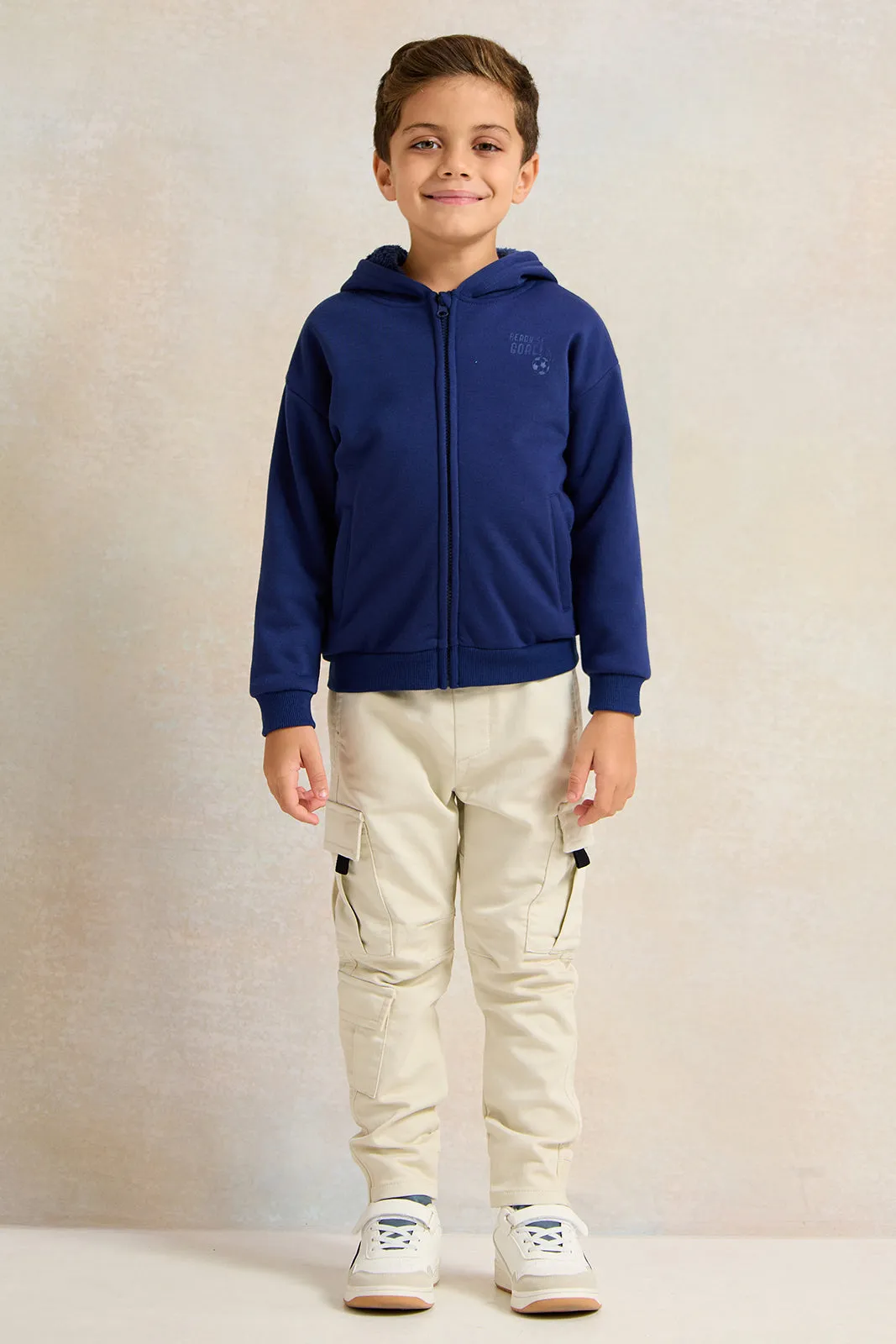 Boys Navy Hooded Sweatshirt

★ ★ ★ ★

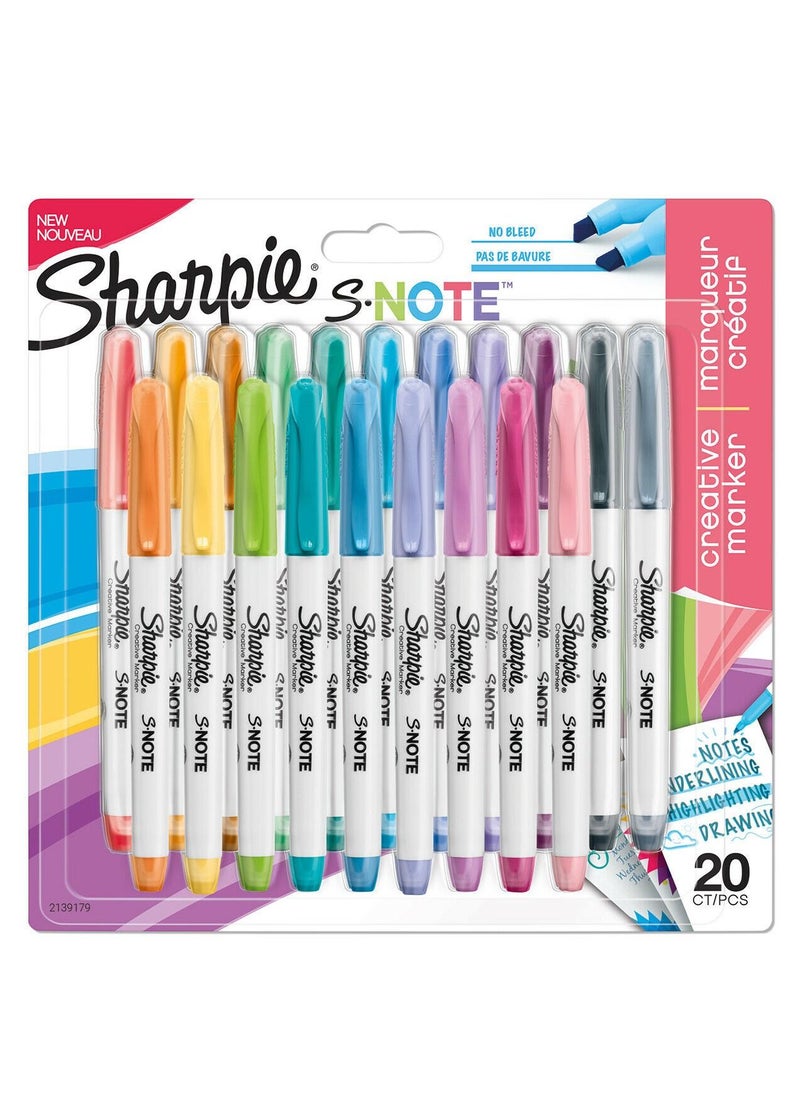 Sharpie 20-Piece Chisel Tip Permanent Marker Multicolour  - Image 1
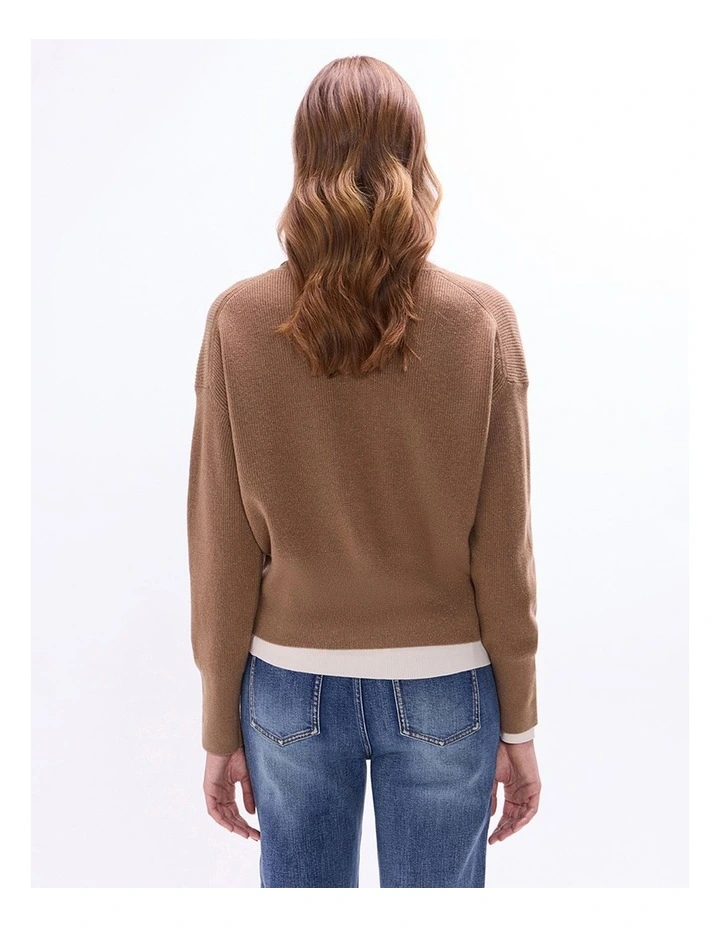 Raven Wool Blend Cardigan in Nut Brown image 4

★ ★ ★ ★

Task to carry out: Both the line above containing "Sharpie 20-Piece Chisel" and the line containing "Raven Wool Blend" belong in the copy, along with every line between them; print these exactly and omit the pictures.

Task result:
 Sharpie 20-Piece Chisel Tip Permanent Marker Multicolour  - Image 1
 Raven Wool Blend Cardigan in Nut Brown image 4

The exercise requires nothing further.